§ **Task objective**
Which lines of the data below include the string "Long"? Return each of them.

Saved entries:
::::::::::

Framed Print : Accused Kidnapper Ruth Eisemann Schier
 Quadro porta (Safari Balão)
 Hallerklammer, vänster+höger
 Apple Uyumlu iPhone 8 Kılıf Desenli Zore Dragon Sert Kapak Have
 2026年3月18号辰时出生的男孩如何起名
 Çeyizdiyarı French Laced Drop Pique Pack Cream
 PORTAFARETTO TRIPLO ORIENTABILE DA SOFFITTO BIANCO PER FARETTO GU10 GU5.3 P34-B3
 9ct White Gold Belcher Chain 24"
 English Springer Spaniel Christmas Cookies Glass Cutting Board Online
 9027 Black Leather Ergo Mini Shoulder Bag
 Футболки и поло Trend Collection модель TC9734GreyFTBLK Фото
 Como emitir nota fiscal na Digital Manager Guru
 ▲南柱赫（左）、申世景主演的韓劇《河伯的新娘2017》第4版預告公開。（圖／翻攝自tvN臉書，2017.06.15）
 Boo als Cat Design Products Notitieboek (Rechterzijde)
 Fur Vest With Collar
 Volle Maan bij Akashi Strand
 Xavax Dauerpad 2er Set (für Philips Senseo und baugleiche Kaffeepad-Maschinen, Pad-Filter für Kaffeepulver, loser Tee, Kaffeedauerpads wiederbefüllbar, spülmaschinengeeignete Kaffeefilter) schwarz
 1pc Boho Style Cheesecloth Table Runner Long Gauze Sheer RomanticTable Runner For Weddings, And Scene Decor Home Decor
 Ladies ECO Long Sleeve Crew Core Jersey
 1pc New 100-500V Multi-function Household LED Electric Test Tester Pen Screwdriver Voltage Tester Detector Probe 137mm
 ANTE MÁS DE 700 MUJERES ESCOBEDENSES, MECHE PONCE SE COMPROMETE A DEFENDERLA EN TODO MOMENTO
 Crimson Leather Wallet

::::::::::

§ **Response box**
 1pc Boho Style Cheesecloth Table Runner Long Gauze Sheer RomanticTable Runner For Weddings, And Scene Decor Home Decor
 Ladies ECO Long Sleeve Crew Core Jersey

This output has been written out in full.